**EXERCISE INPUTS:**

━━━

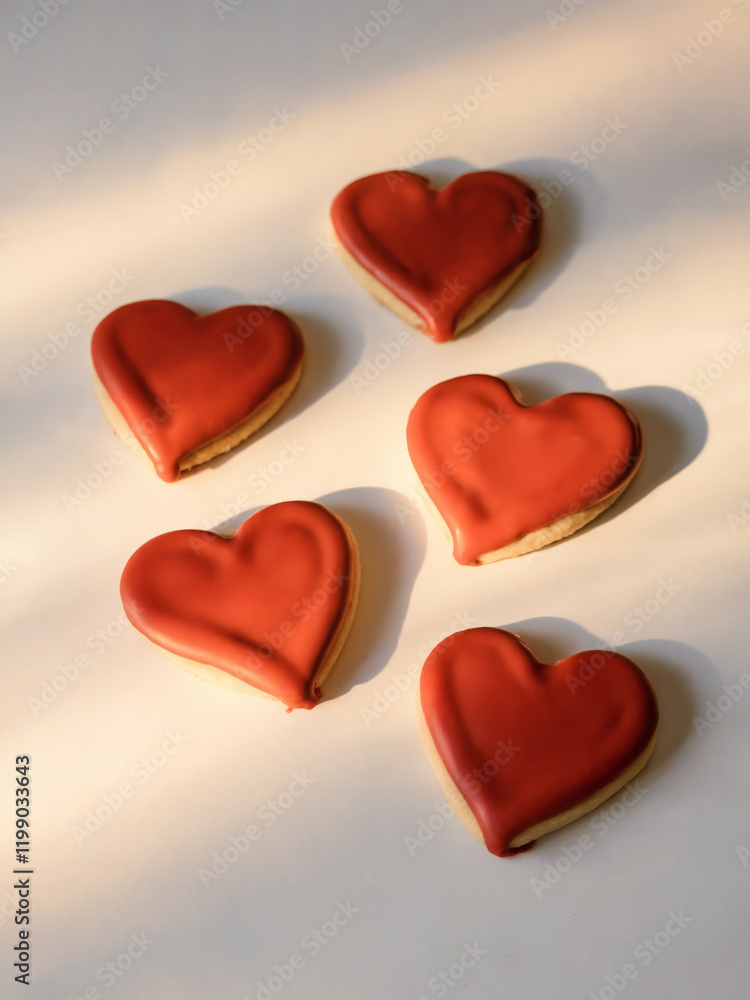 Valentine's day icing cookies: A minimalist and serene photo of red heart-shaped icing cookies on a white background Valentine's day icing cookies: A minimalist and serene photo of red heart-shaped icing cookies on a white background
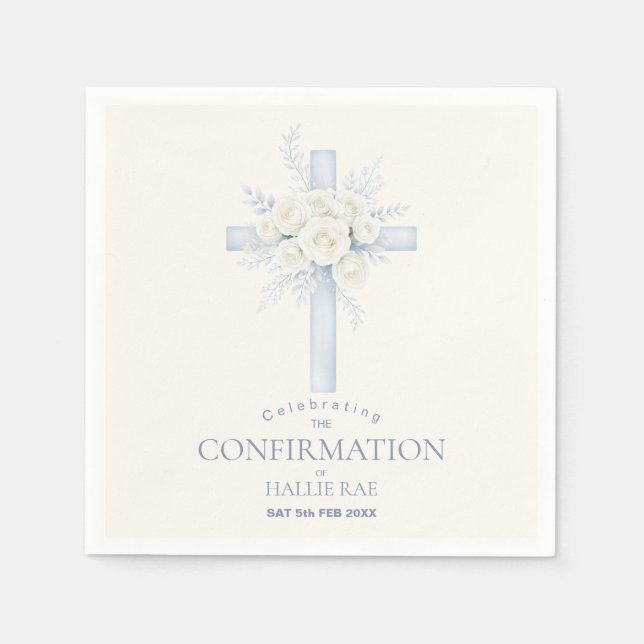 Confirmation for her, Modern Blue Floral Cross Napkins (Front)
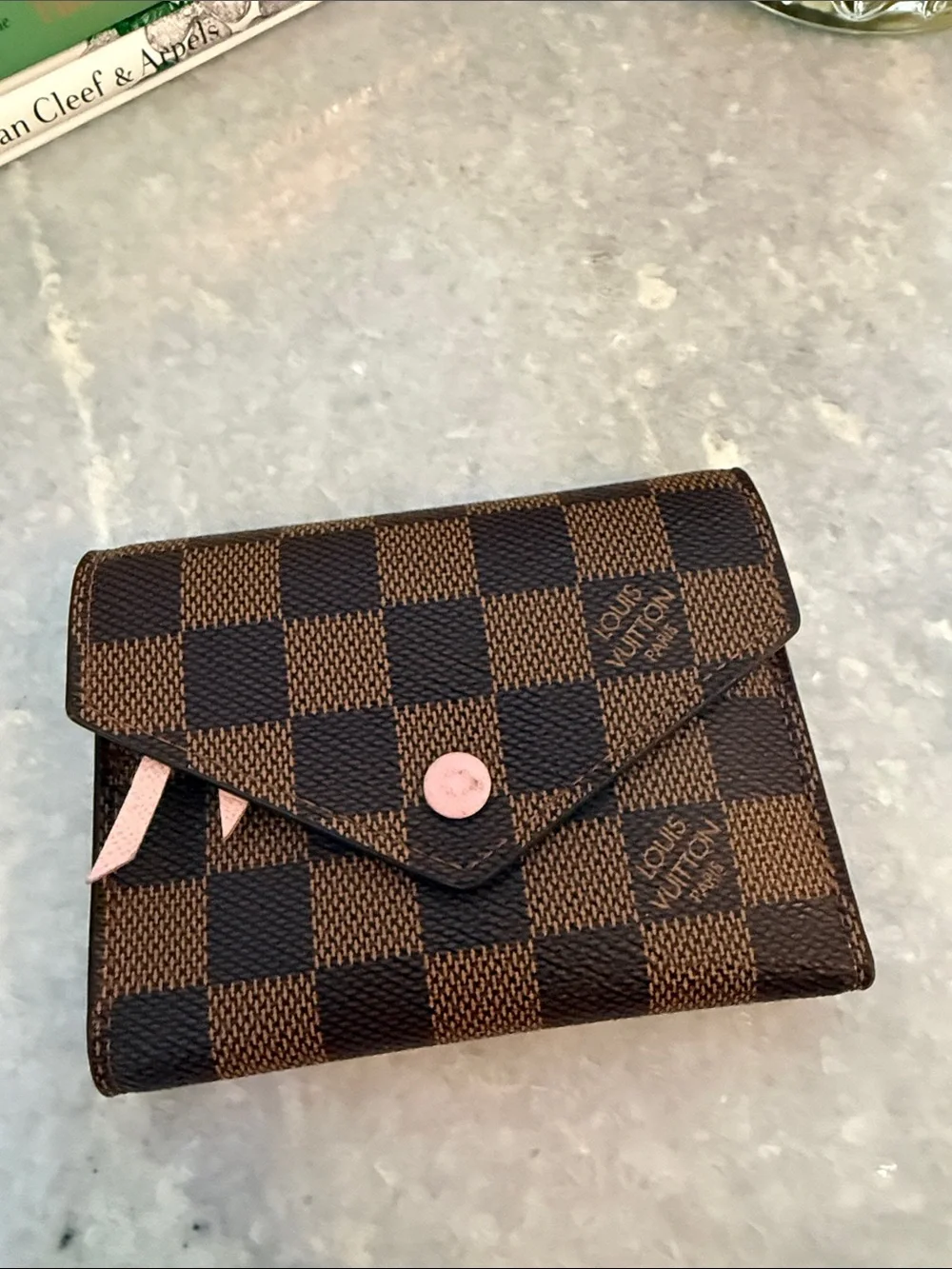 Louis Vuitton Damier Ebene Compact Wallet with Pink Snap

━━━

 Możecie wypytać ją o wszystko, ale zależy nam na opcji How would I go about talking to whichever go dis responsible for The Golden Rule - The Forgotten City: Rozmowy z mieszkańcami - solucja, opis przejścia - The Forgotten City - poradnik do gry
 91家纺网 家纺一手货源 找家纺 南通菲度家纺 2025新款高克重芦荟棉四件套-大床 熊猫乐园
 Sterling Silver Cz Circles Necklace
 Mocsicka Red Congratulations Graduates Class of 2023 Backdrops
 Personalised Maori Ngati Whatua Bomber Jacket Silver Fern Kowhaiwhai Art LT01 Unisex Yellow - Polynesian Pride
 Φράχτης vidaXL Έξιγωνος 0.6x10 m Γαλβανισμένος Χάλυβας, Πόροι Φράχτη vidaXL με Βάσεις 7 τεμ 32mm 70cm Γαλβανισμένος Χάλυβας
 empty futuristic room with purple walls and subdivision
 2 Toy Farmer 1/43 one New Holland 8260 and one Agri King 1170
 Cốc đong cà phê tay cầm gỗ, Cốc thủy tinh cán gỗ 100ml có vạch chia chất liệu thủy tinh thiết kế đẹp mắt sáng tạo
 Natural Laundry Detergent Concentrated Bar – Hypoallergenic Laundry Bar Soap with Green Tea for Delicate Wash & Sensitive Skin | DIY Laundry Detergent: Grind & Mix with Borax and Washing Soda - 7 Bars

━━━

**REQUIRED ACTION:** Copy word for word only the lines above from the one with "Confirmation for her, Modern" through the one with "Louis Vuitton Damier". Leave pictures out.

**SOLUTION BELOW:**
 Confirmation for her, Modern Blue Floral Cross Napkins (Front)
 Louis Vuitton Damier Ebene Compact Wallet with Pink Snap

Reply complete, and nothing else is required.